Table 6 illustrates the CPU time of SparseEA, LSMOF and DNSGA on solving 2-objective LSMOP1, LSMOP5 and LSMOP9. From the table, DNSGA outperforms SparseEA on all cases except LSMOP9 with 10 decision variables. Comparing between LSMOF and DNSGA, for LSMOP1 and LSMOP9, DNSGA is faster when dimension is small and LSMOF is faster when dimension becomes large. However, for LSMOP5, DNSGA is always faster than LSMOF except when dimension is 10. Statistically, the proportion of test instances where DNSGA performs significantly faster than SparseEA and LSMOF is 20/21 and 14/21, respectively.
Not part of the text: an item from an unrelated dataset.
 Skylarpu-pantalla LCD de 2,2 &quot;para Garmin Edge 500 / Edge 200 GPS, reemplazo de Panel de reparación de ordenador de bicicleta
Table 8 illustrates the CPU time of the three compared MOEAs on solving 3-objective LSMOP2, LSMOP6 and LSMOP9. From the table, DNSGA is still faster than SparseEA for all cases except when dimension is 10. Except LSMOP9 with dimension equals 100, 500 and 1000, DNSGA is also faster than LSMOF. In terms of the Wilcoxon rank test, the proportion of test cases where DNSGA performs significant faster than SparseEA and LSMOF are both 18/21. Tables 6 and 8 verify that DNSGA outperforms SparseEA and LSMOF in terms of CPU time.

Tables 7 and 9 illustrate the IGD value of solving 2-objective LSMOP1, LSMOP5, LSMOP9 and 3-objective LSMOP2, LSMOP6, LSMOP9, respectively. From Table 7, DNSGA outperforms the other two MOEAs on problem LSMOP1 with dimension of 30 and 50 and problem LSMOP5 with dimensions of 30, 50 and 100. From Table 9, DNSGA outperforms the other two MOEAs only on problem LSMOP2. Tables 7 and 9 reveal that, for solving large-scale MOPs, the solution obtained by DNSGA is not as good as LSMOF and SparseEA. This is reasonable for LSMOF and SparseEA which are originally designed for large-scale MOPs. So, some modifications need to be made before NSGA can be used to efficiently solve large-scale MOPs.
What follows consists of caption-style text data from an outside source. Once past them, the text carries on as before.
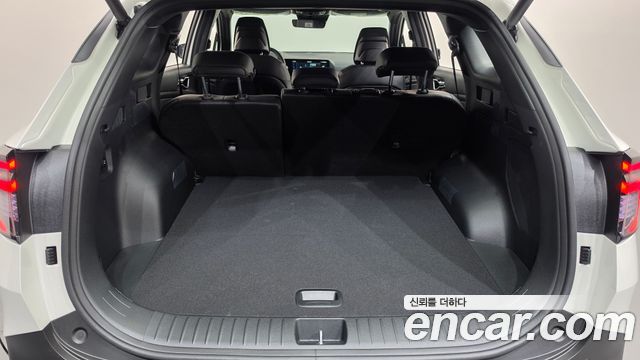 Kia Sportage Hybrid (V) HEV 1.6 4WD Signature X Line 2026 — фото 20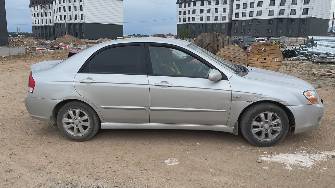 Kia Cerato I 1.6 AT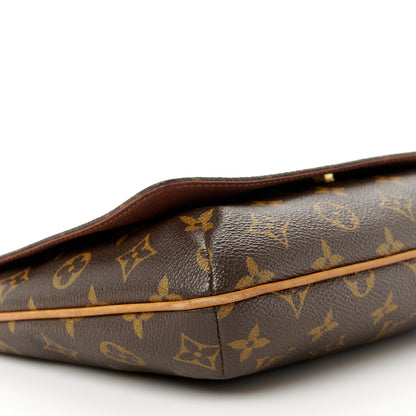 Louis Vuitton Monogram Musette Tango Long Strap 8 of 10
Finally, Fig. 7 depicts the trend of CPU time and IGD value for DNSGA solving LSMOP9 with different numbers of decision variables. It is obvious that both CPU time and IGD value increase with the rise in dimensions. The CPU time spent on 2-objective problems and 3-objective problems is very close, while the IGD values are dramatically different, and the gap increases as the number of dimension rises. This means that, for scaling the number of objectives, DNSGA is not sensitivity on CPU time but on IGD value.

6 Conclusion

In this work, we have proposed a novel non-dominated sorting method, and based on it, a novel multi-objective genetic algorithm. The computational complexity of the proposed non-dominated sorting method is \(O(mN\log N)\), which is the same as the current best. The numerical comparison between the proposed non-dominated sorting method and some other existing ones still shows its efficiency and outperformance. The novel multi-objective genetic algorithm is obtained by embedding the proposed non-dominated sorting method into the framework of NSGAII. Numerical experiments show that the proposed multi-objective genetic algorithm is efficient and promising.

Fig. 7
figure 7

CPU time and IGD value for scaling decision variables

For large-scale multi-objective optimization problem, the proposed method has no obvious advantage comparing with some methods specially designed for large-scale multi-objective optimization problem. The future work of the research is to extend the proposed method to large-scale multi-objective optimization problems.